The team interviewed around 4,000 adult smokers in Victoria by phone about their purchasing behaviours in three November surveys: in 2011, before plain packaging was implemented; 2012, during the roll out; and 2013, one year after implementation.

“We found no evidence of smokers shifting from purchasing in small retail outlets to purchasing in supermarkets,” said Dr Scollo.

“We found no evidence on an increase in use of very cheap brands of cigarettes – those manufactured by companies based in Asia. And we found no evidence of an increased use in unbranded tobacco,” she said.

Almost two-thirds of respondents said they bought their tobacco from supermarkets in 2011 (65.4%) and in 2013 (65.7).

Use of very low-cost Asian brands was low, and scarcely changed between 2011, when it was 1.1% and 2013, when it was 0.9%.

And use of illicit unbranded didn’t increase: this was 2.3% in 2011 and 1.9% in 2013.

Dr Scollo said the report sent a clear message to legislators in countries considering plain packaging, such as New Zealand, the United Kingdom and Ireland, to be wary of industry rhetoric dressed up as evidence.

The tobacco industry claim the plain packs would increase serving time, for instance, was based on interviews with just a handful of retailers and used to predict the impact on sales nationally, she said. But the objective, independent data told a very different story.

“We conducted another study which measured (with stop watches) how long it took for retailers to serve customers. It went up a second or so more in the first couple of days after introduction, but it very quickly returned to normal.”

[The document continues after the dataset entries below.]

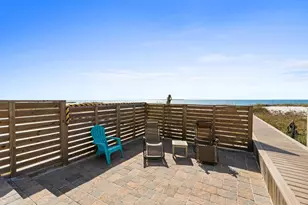 8133 Hwy 98, Port Saint Joe, FL 32456 - Photo 13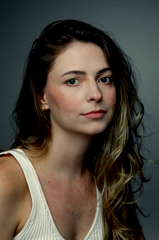 Jarla Zimmer profile picture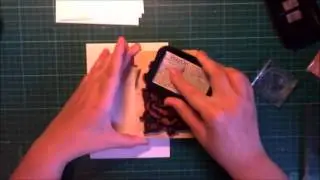 stempling for begyndere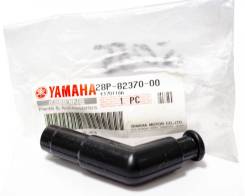   Yamaha 18P-82370-00-00 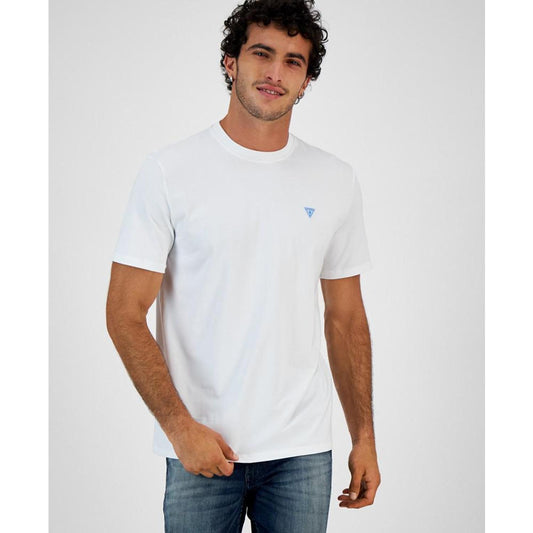 Men's Lindon Logo Graphic T-Shirt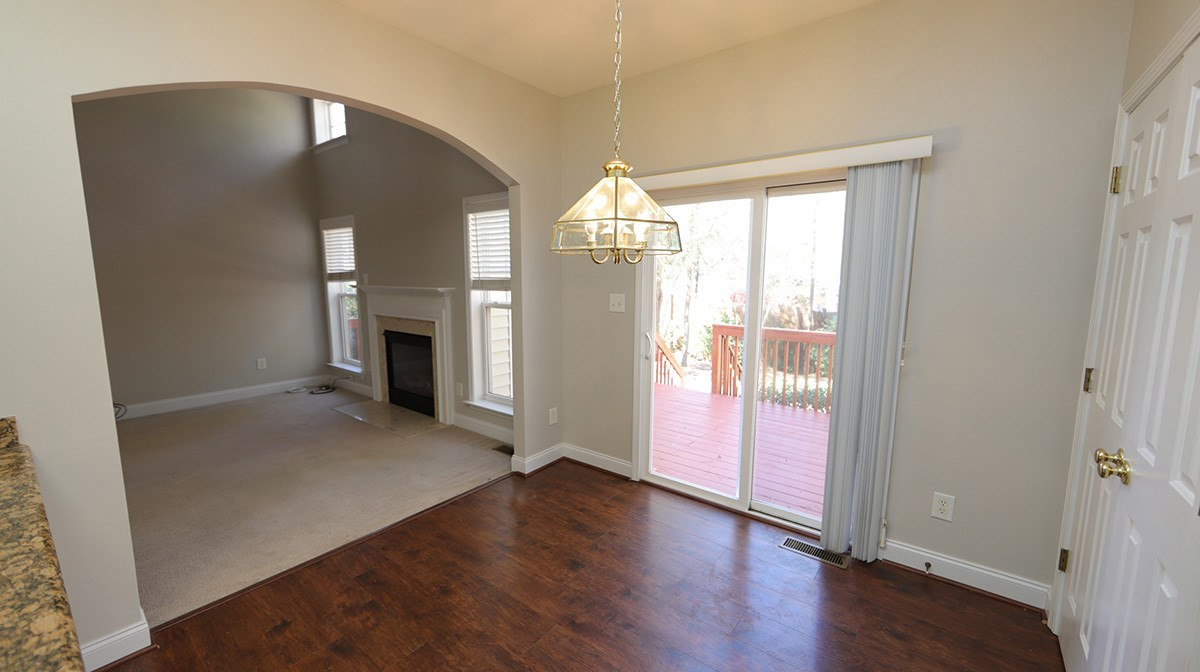 3002 Kilarney Ridge Loop Cary, NC 27511 - Photo 14 of 30 Photo 14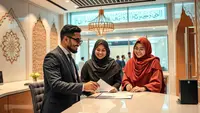6 Adab Bermuamalah dalam Kehidupan Sehari-hari Menurut Islam, Ketahui Prinsip dan Hikmahnya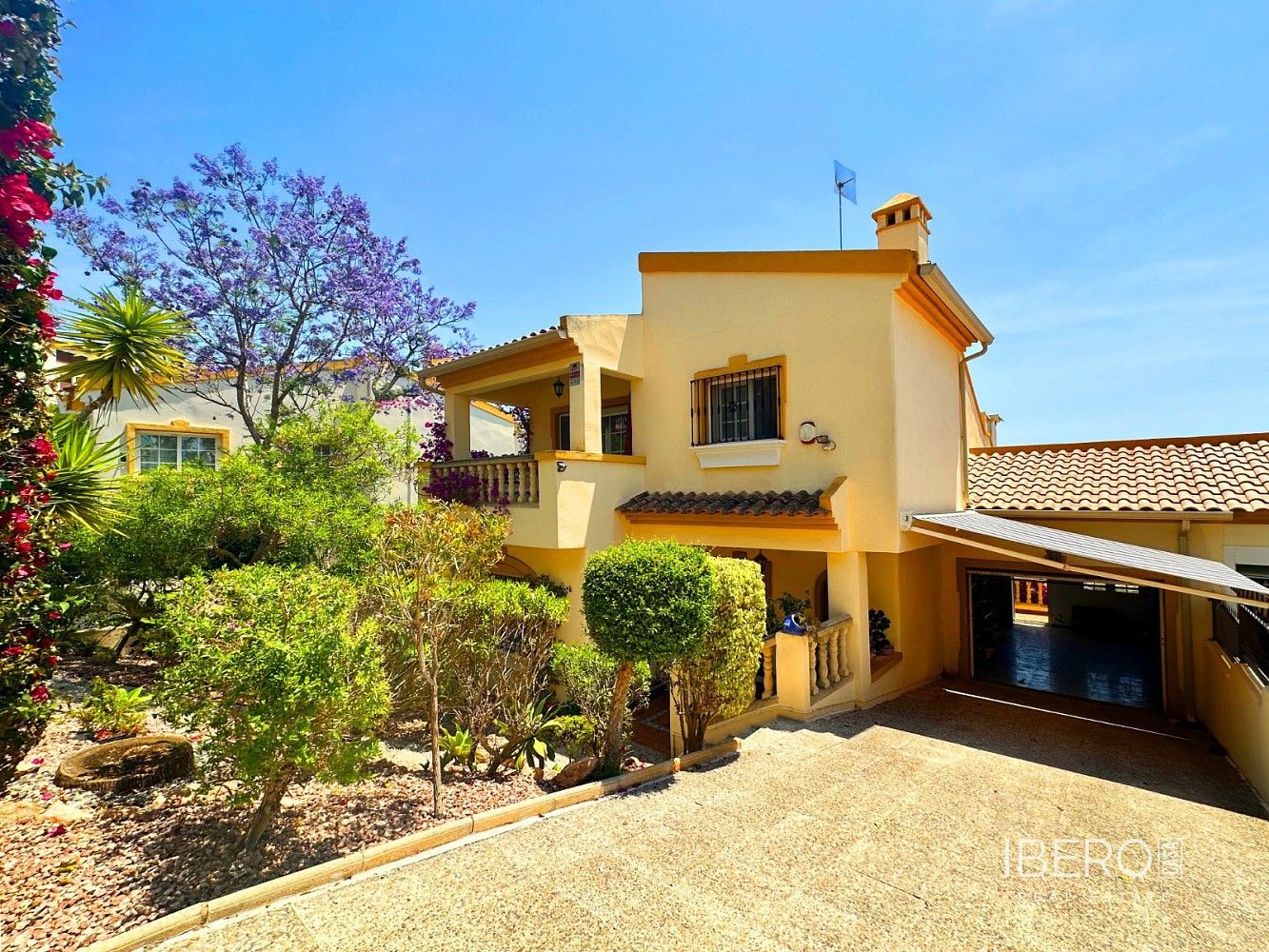 Rodinný dům · 131 m² · Orihuela Costa, ES - 3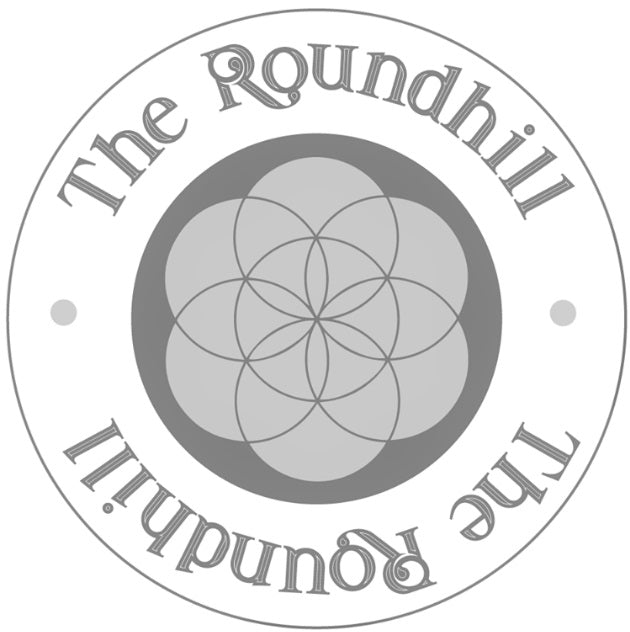 The Roundhill logo
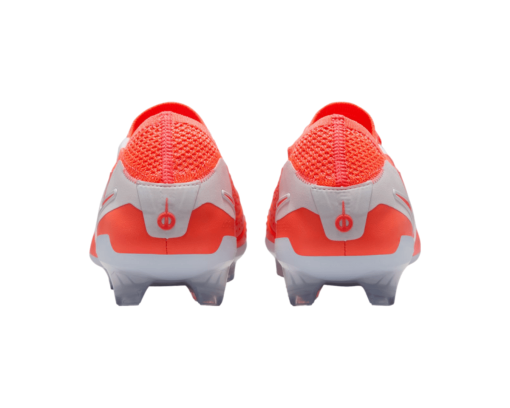 Nike Tiempo Legend 10 Elite FG - Image 5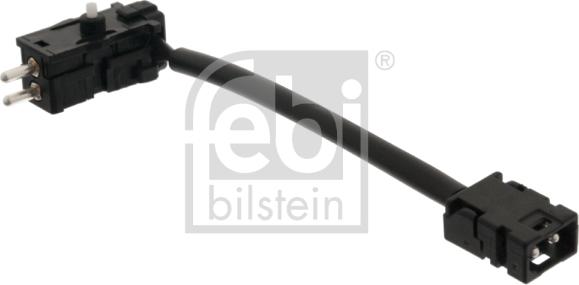 FEBI Bilstein 46768 - Davač signala www.molydon.hr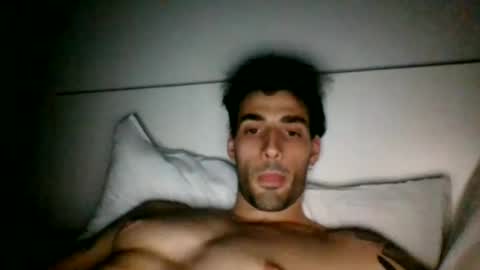 nicegguy9826 online show from 06.21.26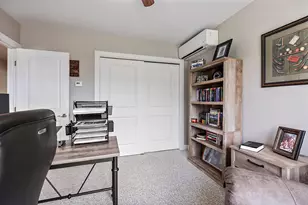 9 Fieldstone Drive, Augusta, ME 04330 - Photo 15
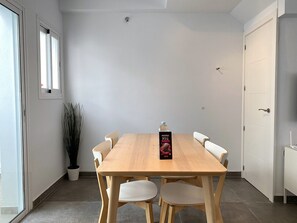 Speisen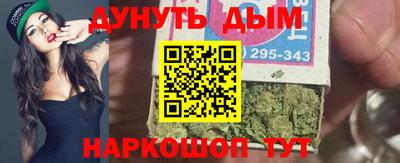 гашик Кулебаки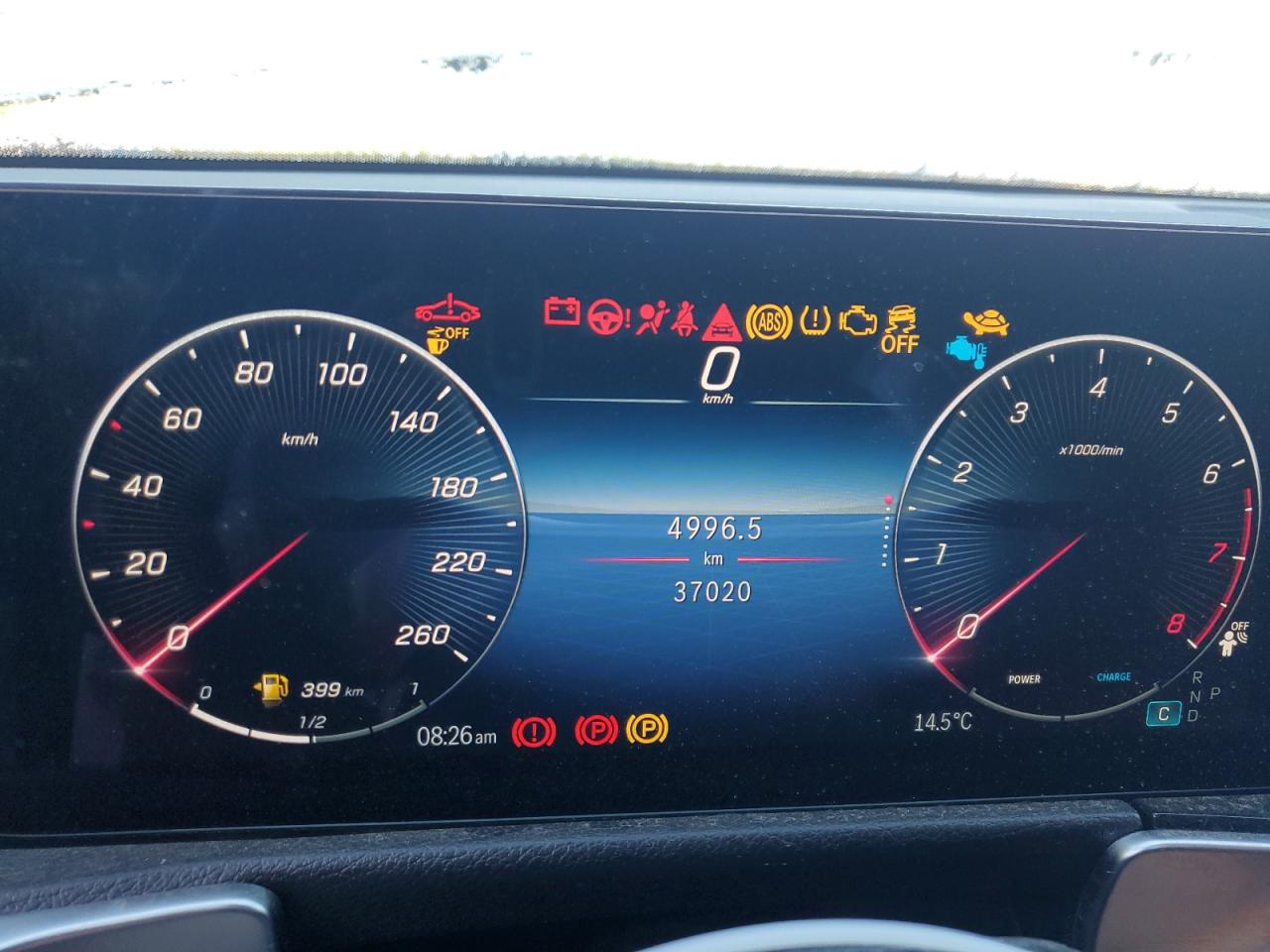 2024 Mercedes-Benz Glb 250 4Matic VIN: W1N4M4HBXRW348281 Lot: 63751895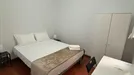 Room for rent, Barcelona Eixample, Barcelona, &lt;span class=&quot;blurred street&quot; onclick=&quot;ProcessAdRequest(14495871)&quot;&gt;&lt;span class=&quot;hint&quot;&gt;See streetname&lt;/span&gt;[xxxxxxxxxxxxx]&lt;/span&gt;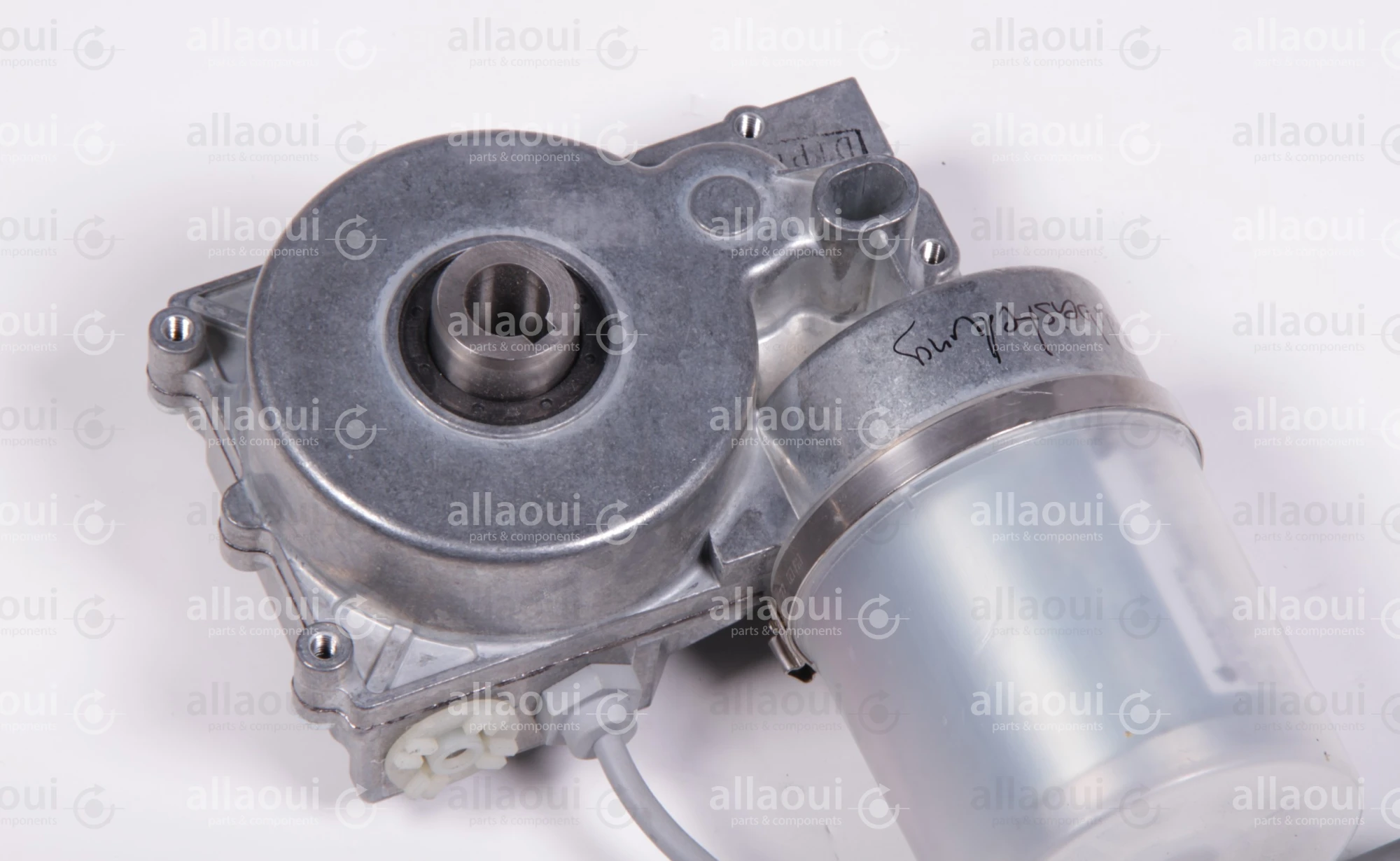 Heidelberg Motor F2.105.1231/07 Heidelberg Motor F2.105.1231/07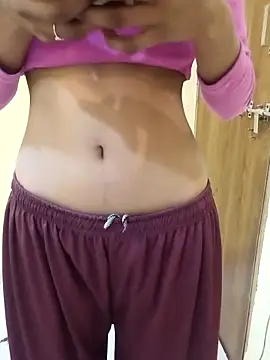 Siya bombay online show from February 21, 1:18 am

Professor of Public Health at the University of Melbourne Rob Moodie said the research was “impressive” and put to bed the “hugely emotive threats” by the tobacco industry about plain packaging.

“Not only have we seen the positive side come out in the last couple of months, we’re now seeing evidence that there aren’t the negative effects that the tobacco companies predicted.”

Professor Moodie said that despite the Australian newspaper claiming the plain packaging strategy had failed, Treasury data showed tobacco sales had dropped since the introduction of plain packs and the latest prevalence data showed daily smoking rates were at one of the world’s lowest levels of 12.8% .

“We want to get to below 10% of Australians smoking by 2018, as the national commitment. Plain packaging will be a part of that and will help,” he said.

“The most important measures are increasing the price of cigarettes through taxation, combined with highly effective social marketing, and widespread smoke-free regulations.”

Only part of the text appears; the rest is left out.